3 Why Git and GitHub
3.1 What is version control, Git, and Github?
Version control is the practice of tracking and managing changes to (statistical) code and other files.
Git is a version control system. It tracks what is changed in a file, when and by whom and synchronizes the changes to a central server so that multiple contributors can manage changes to the same set of files (Wilson et al., 2017).
GitHub is a hosting service on the web for Git repositories.
3.2 The case for version control
Reduces Errors
Version control eliminates the need to send code or outputs (graphics, reports) via email or share folders between collaborators. With a version control system, everyone has access to the most recent set of files.
Facilitates reproducible analyses
Have you ever tried to reproduce an analysis you did 3 years ago? Have you ever tried to reproduce someone else’s analysis? Have you ever found their links don’t work on your computer? Or that you do not have access to the data?
- Because everyone has access to the same files, a project’s workflow can be set up to ensures that the analyses are reproducible for everyone.
- In R, this can be as simple as hitting the “knit” button to run the analyses on anyone’s computer – no need to update the file pathways, no need to download new versions of the code or data.
Eases and supports supervision and collaboration
With Github, you can easily view changes made to statistical code.
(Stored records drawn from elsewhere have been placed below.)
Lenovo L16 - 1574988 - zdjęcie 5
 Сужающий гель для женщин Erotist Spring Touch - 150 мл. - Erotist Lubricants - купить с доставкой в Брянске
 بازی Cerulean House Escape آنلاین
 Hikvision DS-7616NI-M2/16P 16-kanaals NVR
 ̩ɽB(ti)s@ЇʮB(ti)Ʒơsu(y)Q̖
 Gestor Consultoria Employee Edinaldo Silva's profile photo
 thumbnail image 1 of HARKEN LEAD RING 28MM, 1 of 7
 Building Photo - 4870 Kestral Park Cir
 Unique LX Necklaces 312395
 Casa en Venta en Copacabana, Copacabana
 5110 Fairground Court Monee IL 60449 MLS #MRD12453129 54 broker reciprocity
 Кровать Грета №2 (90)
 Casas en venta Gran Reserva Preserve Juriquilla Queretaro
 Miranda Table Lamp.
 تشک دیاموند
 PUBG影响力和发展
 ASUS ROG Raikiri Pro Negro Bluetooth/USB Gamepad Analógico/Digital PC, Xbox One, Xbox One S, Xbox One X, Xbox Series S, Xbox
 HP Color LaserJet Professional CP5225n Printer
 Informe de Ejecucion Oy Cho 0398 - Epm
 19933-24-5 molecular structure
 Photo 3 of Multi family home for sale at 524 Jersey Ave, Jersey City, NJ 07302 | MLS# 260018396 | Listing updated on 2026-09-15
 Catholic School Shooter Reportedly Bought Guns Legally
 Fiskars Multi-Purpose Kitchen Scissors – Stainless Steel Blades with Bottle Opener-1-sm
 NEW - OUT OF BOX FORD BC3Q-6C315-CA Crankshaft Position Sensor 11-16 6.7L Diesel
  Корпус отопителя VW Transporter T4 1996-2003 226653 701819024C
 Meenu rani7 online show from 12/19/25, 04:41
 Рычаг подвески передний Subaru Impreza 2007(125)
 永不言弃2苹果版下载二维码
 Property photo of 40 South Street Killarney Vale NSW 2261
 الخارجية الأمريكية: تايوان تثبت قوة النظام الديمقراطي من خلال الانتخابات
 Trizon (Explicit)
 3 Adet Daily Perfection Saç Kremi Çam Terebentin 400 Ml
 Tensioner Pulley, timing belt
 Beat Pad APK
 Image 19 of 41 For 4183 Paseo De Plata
So if you are working together, it is easy to tell what lines of code were changed, alongside downstream changes to reports or data visualizations as a result of the change to the analysis.
Facilitates rollbacks
You can use Git to roll back to a previous version of a file at any point. This is useful if your team decides that a change made to the code was not beneficial or wants to revert back to a different strategy that was used previously.
Supports expeditious sharing of scientific approaches and findings
Anything posted on GitHub can be shared widely to your organization or with the public.